Hint: Consider the orthogonal matrices which have a determinant of 1 (look up rotation matrices if you are still confused).

Re: To find all invertible matrices of A

since A = A^-1, and:

det(A^-1) = 1/det(A), we must have:

det(A) = D = 1/det(A) = 1/D, so D² = 1.

thus D = det(A) = ±1.

now for:

$A = \begin{bmatrix}a&b\\c&d \end{bmatrix}$

we have:

$A^{-1} = \frac{1}{\det(A)}\begin{bmatrix}d&-b\\-c&a \end{bmatrix}}$

if det(A) = 1, this leads to b = c = 0, a = d = ±1, that is: A = ±I (both of these matrices fit the bill).

the case det(A) = -1 is more interesting:

here, we can only conclude d = -a.

however, we know by the orthogonality of A, that A^T = A^-1 = A, which means A must be symmetric, so we have b = c.

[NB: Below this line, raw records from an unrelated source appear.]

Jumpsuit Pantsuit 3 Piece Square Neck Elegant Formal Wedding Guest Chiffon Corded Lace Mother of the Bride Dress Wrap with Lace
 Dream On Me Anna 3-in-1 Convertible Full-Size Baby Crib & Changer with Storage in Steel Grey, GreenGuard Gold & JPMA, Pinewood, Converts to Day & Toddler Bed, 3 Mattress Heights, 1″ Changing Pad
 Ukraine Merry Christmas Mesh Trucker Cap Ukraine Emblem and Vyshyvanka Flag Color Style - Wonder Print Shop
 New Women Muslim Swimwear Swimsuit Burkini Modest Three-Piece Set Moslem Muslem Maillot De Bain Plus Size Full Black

thus our matrix is of the form:

$A = \begin{bmatrix}a&b\\b&-a \end{bmatrix}$ .

since det(A) = -1 = -a² - b², it follows that:

a² + b² = 1, or equivalently, b = ±√(1 - a²). thus A is of the form:

$\begin{bmatrix}a&\pm \sqrt{1-a^2}\\ \pm\sqrt{1-a^2}&-a \end{bmatrix}$ for $a \in [-1,1]$ (the signs on the square root terms must match).

if we so desired, we could write this as:

$A = \begin{bmatrix}\cos(\theta)&\sin(\theta)\\ \sin(\theta)&-\cos(\theta)\end{bmatrix}$ for $0 \leq \theta < 2\pi$

which is a REFLECTION about the line with slope: $\tan\left(\frac{\theta}{2}\right)$ .

ignore what chiro said. there's only two rotations that work, but infinitely many reflections.

Re: To find all invertible matrices of A

You're right I didn't see the A = A^(-1) [which does restrict the solution space a lot more].